Helping People to Flourish
May 16th, 2017
Breaking poverty’s grip, ending economic oppression. Those are two noble goals. They may also be too big for me. I’ve thought a lot lately about WHY. Why is UCOM here? Why am I at UCOM? What are our goals?
By May Day I had broken the “why” of UCOM down to the two lofty goals above, but I couldn’t get my teeth into either of them. Neither seemed doable in my lifetime. Breaking poverty’s grip and ending economic oppression were jobs many people have worked on for a lifetime. Centuries have come and gone, and still there remains poverty and economic oppression.
A smaller goal
Pondering this, I wondered if a smaller goal would still be worthy of a lifetime of effort. Could I be content if I spent the remainder of my productive years helping people to flourish? When I cast the net too widely the effort seems gargantuan. I feel like I am trying to save all the starfish that get stranded on the beach at low tide, but if I can get one and then two and then ten back into the water, it will make a world of difference to those rescued starfish.

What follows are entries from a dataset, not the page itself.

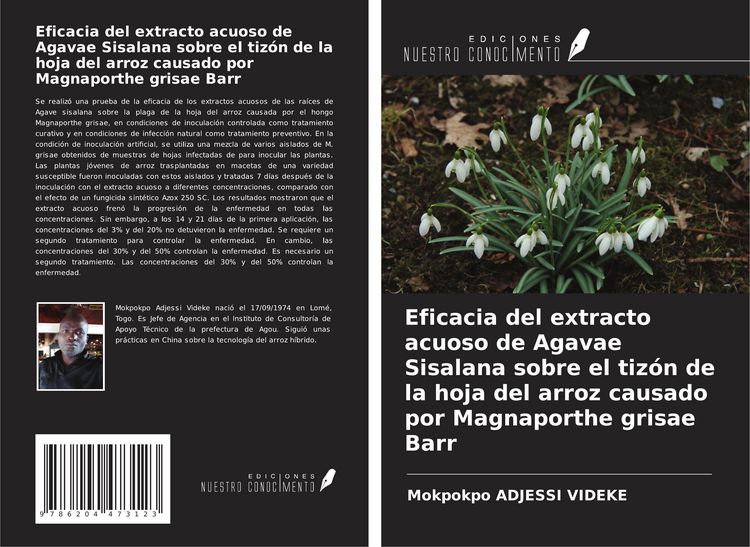 Produktbild: Eficacia del extracto acuoso de Agavae Sisalana sobre el tiz&oacute;n de la hoja del arroz causado por Magnaporthe grisae Barr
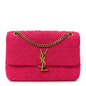 Boucle Tweed Patchwork Monogram Medium Jamie Baguette Magenta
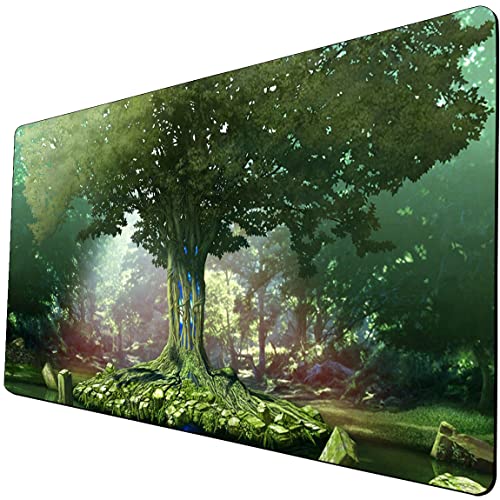 MTG Spielmatte Sammelkarten-Spielmatten 60x35 cm -Sternenhimmel - Kompatibel mit Magic: The Gathering Spielmatten - Originelle Designs für TCG-Spielmatten Nebelfelder 401 von DYETEE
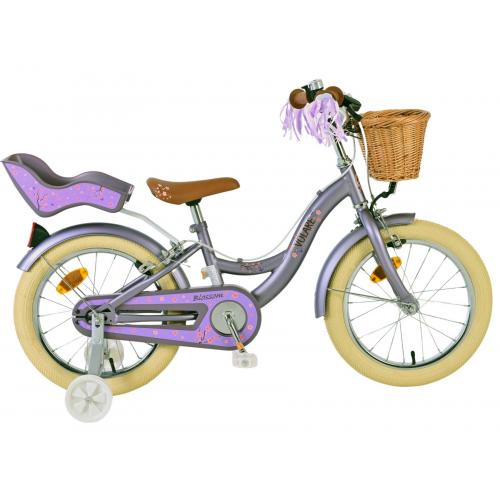Rower dziecięcy Volare Blossom - Dziewczynki - 16 cali - Fioletowy - Hamulce dwuręczne [CLONE]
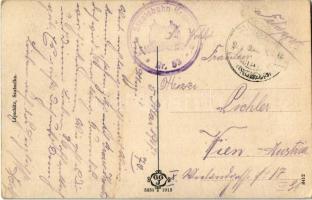 1917 Palics, Palic; Fürdő főbejárat. Lipschitz kiadása / spa, bath, main entrance + "K. k. Staa...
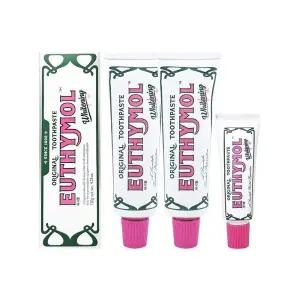 [ EUTHYMOL ] 유시몰 화이트닝 치약 120g 2개+20g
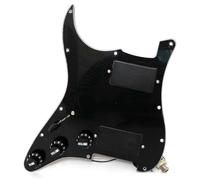 Ensemble de pickguard pré-câblés pour guitare Stratocaster compatible avec les micros Humbucker actifs de style 81/85, câblage sans soudure 2V1T 3 voies ST Kit de mise à niveau pour guitare électrique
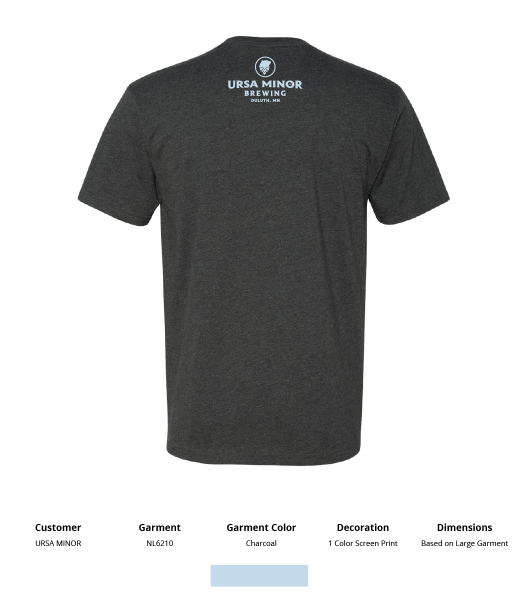 Ursa Next Level Adult Premium Fitted CVC Crew - DSP On Demand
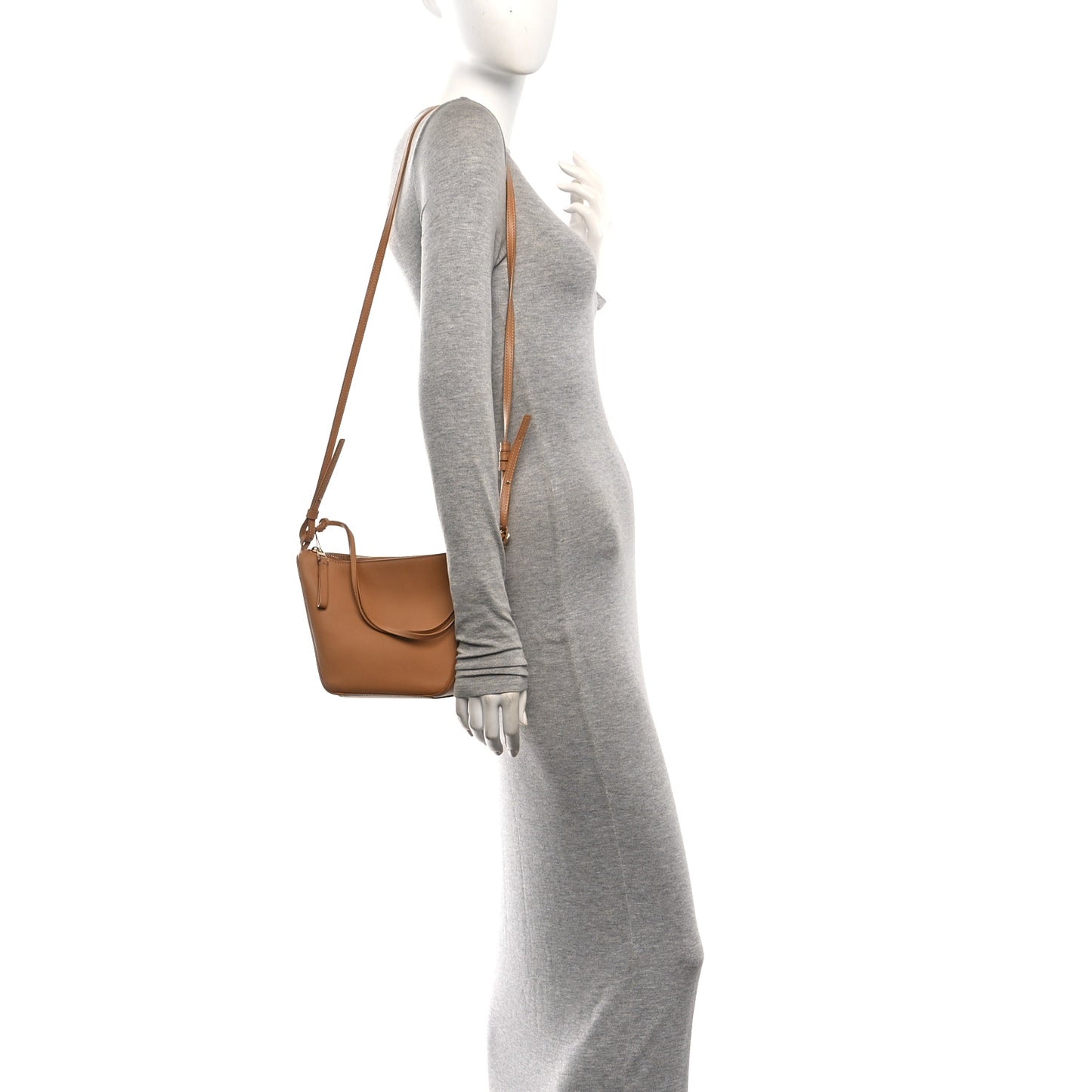 Calfskin Mini Hammock Hobo Warm Desert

I expend more energy than I have when I try to help everyone. I am overwhelmed when I see the world teeming with injustice. What can I do in the face of so many obstacles? What is it that all of struggling humanity needs? How can one person begin to meet all those needs?
A deeper relationship
When my goal is to help people flourish, I am inviting a deeper relationship with individuals. “We cannot do everything, but we can do something.” Helping people to flourish is a goal that invites delving deeper—deeper than what can be seen in the presenting need, deeper than programs can go—all the way into where people feel. That is a place where we all share common human responses. There is the commonality, not in doing for the masses, but in relating to one individual at a time. I can do that.
A shared goal
In thinking that through, I came to another conclusion. UCOM and I have a lot in common. UCOM does not compare in numbers with our big sisters like The Salvation Army Family Services or Goodwill or Hope Network. So what we can’t do in width, we try to do in depth. Our staff and volunteers make an effort to know people by name, to listen to the stories they tell, to see behind the curtain. Now what can we do to be present to this one person? After we have addressed the presenting need, can we delve deeper, until we are all the way to the essence of our neighbor?
UCOM is 32 years old this year. We have been doing the same kind of work day after day. Poverty is not eliminated, people are still oppressed, but some people got the deep connection that they needed—that human and divine connection—to help them to flourish. Maybe that’s good enough for today.